Current Waterway Use in Europe

The share of inland waterway shipping in cargo carriages in Poland, Belarus and Ukraine is significantly lower than the EU average. The mean EU-wide use of such inland navigation makes up 6.7 percent of freight transport, compared with 75 percent road and 17 percent rail.[11] In Belarus inland water navigation makes up 0.96 percent of cargo transported, at four million tons of freight, compared with 40.85 percent road and 29.71 percent rail. In Ukraine the amount of cargo transported by inland waterways is 0.23 percent (68 percent road, 24 percent rail), and in Poland 0.38 percent (75 percent road, 12 percent rail).
In the EU, the share of containers transported on inland waterways increased every year from 2009 to 2017, with more than 10 percent growth in 2014 and reaching 11.3 percent growth in 2017.[12] However, when analyzing freight transport, the 2018 figures reveal a decrease of –8.3 percent from 2017.[13] This was predominantly due to low water levels on the Rhine, one of Europe’s core shipping routes, which made parts of the Rhine-Danube corridor unnavigable. In 2019, Europe saw a sharp contraction in the manufacturing sector due to trade tensions and this led to a further decline in transportation of goods on inland waterways. Container transport on the Rhine fell 4.0 percent in 2019 compared with 2018.[14] In Europe, the Netherlands, Germany and Belgium are by far the main contributors to inland waterway transport. These countries are hosts for large transit ports (Rotterdam and Antwerp) or a major source or destination for container movements (Germany).
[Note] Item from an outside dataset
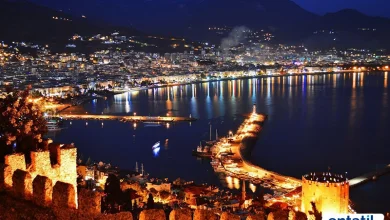 Alanya Gezilecek Yerler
The main types of goods transported on waterways in the EU in 2018 included metal ores, coke and refined petroleum products, chemicals, nuclear and agricultural products. The main cargo currently transported by ships on rivers in Belarus are sand, gravel, building stone, wood, potash, granulated slag, and heavy and oversized cargo. Freight on inland waterways in Ukraine includes construction materials, iron ore, grain, coal, coke and fertilizers. In Poland, the majority of goods transported by inland waterways are metal ores and other mining and quarrying products, as well as coal. The E40 is predicted to transport primarily coal, ore minerals, construction materials, chemicals, and fertilizers and agricultural goods.[15]

Goods transported by inland waterways are closely connected with the transshipment (the movement of cargo from one vessel to another) of goods at seaports, as rivers and canals can act as a continuation of sea routes. Currently, the transshipment of goods at Western European ports occurs at a much larger volume than at the seaports linked to the E40 in Poland and Ukraine. In 2017, the largest port in Europe, Rotterdam, handled 467 million tons of cargo—11.5 times higher than the Port of Gdańsk, in Poland (40.6 million tons). The Ukrainian Kherson Sea Port handled only 3.3 million tons in 2017. However, a total of 133 million tons of cargo were transshipped through the seaports of Ukraine combined, which is comparable to the performance of individual Western European ports.[16]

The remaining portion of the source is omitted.